Il me restait du rose est une vérité, celle d’un excès de peinture qui ne voulait pas sécher sans prendre forme.

Je le sais, elle me l’a dit.

La peinture parle, il suffit de tendre les yeux pour voir ce qu’elle a à nous dire.

Son langage est pluriel et sa voix s’incarne à travers les siècles sur des tableaux qui aujourd’hui nous sont familiers. Alors, sans en connaître nécessairement la grammaire, j’écoute cette langue de formes et de couleurs raconter la vie, l’instant, l’éphémère et l’universel.

 

C’est un travail « D’après », comme un hommage, comme une jalousie, comme une montagne, toute la beauté qui est déjà là.

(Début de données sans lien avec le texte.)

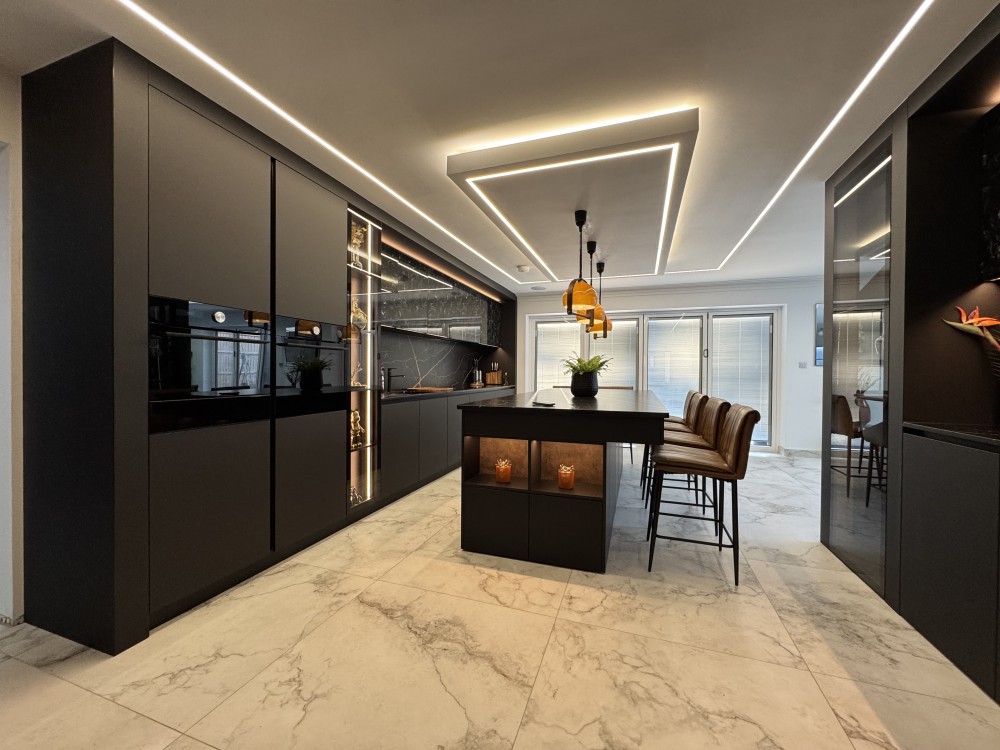 20250619 184857907 iOS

Il me restait du rose et aussi l’envie d’être avec tous ces artistes l’espace d’un instant. Des humains faits de chair et de sang. Et ce rose, c’est ce que mon œil retient. Des corps, des fragments, des mains, des visages, des cuisses et des chevilles qui jaillissent hors des vêtements, des natures mortes qui racontent les peintres derrière les objets. 

 

C’est un travail du souvenir. Que me reste-t-il de ces pigments ? 

 

De mes amis, de mes proches, je connais les visages, les gestes, les mouvements. Les vêtements et leurs usages, pour la plupart, disparaissent de ma mémoire. Il en est de même pour les tableaux. Je connais le sourire de Mona Lisa, la position de ses mains mais le reste m’échappe. Sa robe comment est-elle ? Et le paysage à l’arrière du tableau ? La Cène, Jésus et les apôtres, que mangent-ils ? Est-ce que la table possédait une nappe ? Il n’y a aucun personnage dans La Chambre de Vincent à Arles, pourtant Van Gogh me semble être partout.

 

Finalement, ce qui fait pour moi l’essence d’un tableau, c’est ce qui l’incarne. Et si cela est valable pour des représentations figuratives, pour moi ça l’est tout autant pour la peinture abstraite. Incarner n’implique pas seulement la chair mais bel et bien un souffle, celui de l’artiste, ce souffle qui permet à l’œuvre de traverser le temps.

Si le rose est optimiste et enfantin, je ne le veux ni réducteur ni décoratif. La peinture est une joie qui me racontent des histoires et qui, par conséquent, enrichit la mienne.

 

Il me restait du rose, et puis j’en ai refait. Pour de rire, pour la poésie, pour égayer la vie.